Hummes then turned to the call of Gaudium et Spes for the church to be “inserted in the world.”
“Gaudium et Spes, inspired by all the reflection of the council, emphasizes that the church is at the service of the human person and all human beings … and does not seek to dominate humanity. In this, it follows the example of Christ, who presented himself as a servant,” Hummes said.
That observation led Hummes to reflect on the church’s engagement with other social forces.
“In this context, the church supports and favors every effort today to seek the full development of the personality of all human beings, and to promote their fundamental rights, their dignity and liberty,” he said.
Yet Hummes emphasized that passion for social justice does not have to come at the expense of Christian identity. Concern for development, he said, must not neglect efforts “to help people to encounter the full truth about human beings and their vocation in this world,” meaning “Jesus Christ, in whom this full truth is met.”
Hummes returned repeatedly to the idea of the church as servant.
“A servant church must have as its priority solidarity with the poor,” he said. “The faith must express itself in charity and in solidarity, which is the civil form of charity,” Hummes said.
“Today more than ever, the church faces this challenge. In fact, effective solidarity with the poor, both individual persons and entire nations, is indispensable for the construction of peace. Solidarity corrects injustices, reestablishes the fundamental rights of persons and of nations, overcomes poverty and even resists the revolt that injustice provokes, eliminating the violence that is born with revolt and constructing peace.”
Hummes then asked a rhetorical question arising from these reflections.
“Does not today's terrorism,” Hummes asked, “have as one of its ingredients a revolt against an imposed poverty, experienced as practically irreversible in the short and medium term?”
Hummes emphasized that in its social engagement, the church does not seek to impose solutions but to engage in dialogue.
“The church, inserted and active in human society and in history, does not exist in order to exercise political power or to govern the society,” he said, but to “organize and promote the common good.”
“The church must constantly promote dialogue,” Hummes said. “Perhaps it is among the most important methods today for positive and constructive relations with society.”
Hummes said this must be “a dialogue with courage -- open, frank, sensible and humble. A dialogue with the contemporary person, with the human race, science, the advances in biotechnology, with philosophy and the cultures, with politics and economics, with everything that has to do with social justice, with human rights, and with solidarity with the poor.”

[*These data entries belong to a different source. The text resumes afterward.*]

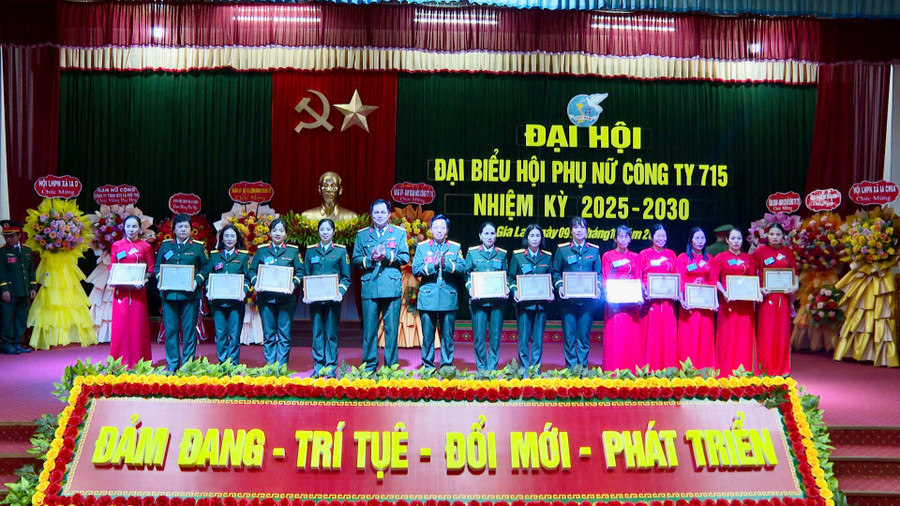 Lãnh đạo Công ty 715 trao giấy khen cho tập thể, cá nhân tiêu biểu. Ảnh: P'Piên lanh-dao-cong-ty-715-trao-giay-khen-cho-tap-the-ca-nhan-tieu-bieu.jpg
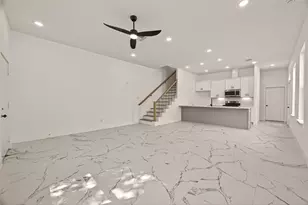 9332 Waller St, Houston, TX 77012 - Photo 6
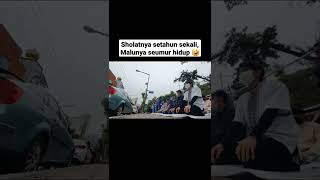 Download lagu Video lucu salah sholat ied #lucu #ngakak #shorts #short mp3 Download lagu Video lucu salah sholat ied #lucu #ngakak #shorts #short mp3
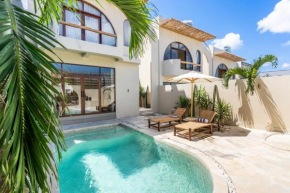 Amani Villa 3 New, Luxury, Mediterranean, Private Pool, Canggu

“A dialogue with the religions,” Hummes added. “A constant dialogue, systematic, with professionalism, constructive. A dialogue that knows how to listen, to debate, to discern and to assimilate whatever is good and true, just and consistent with human dignity, proposed by the interlocutor. A dialogue that at the same time knows how to proclaim the truth of which the church is the depository, and to which it must remain permanently faithful. However, it must always remain a dialogue, and never an imposition of the church's own convictions and methods. Propose, not impose. To serve, and not to dominate.
“A church of dialogue in the contemporary world … a church, taking on the mission of Jesus, which is in the world not to judge humanity, but to love it and to save it.”
Tosatti reported that Hummes’ nomination would be announced by the Vatican early this week, perhaps on Tuesday, Oct. 31, in tandem with other curial appointments.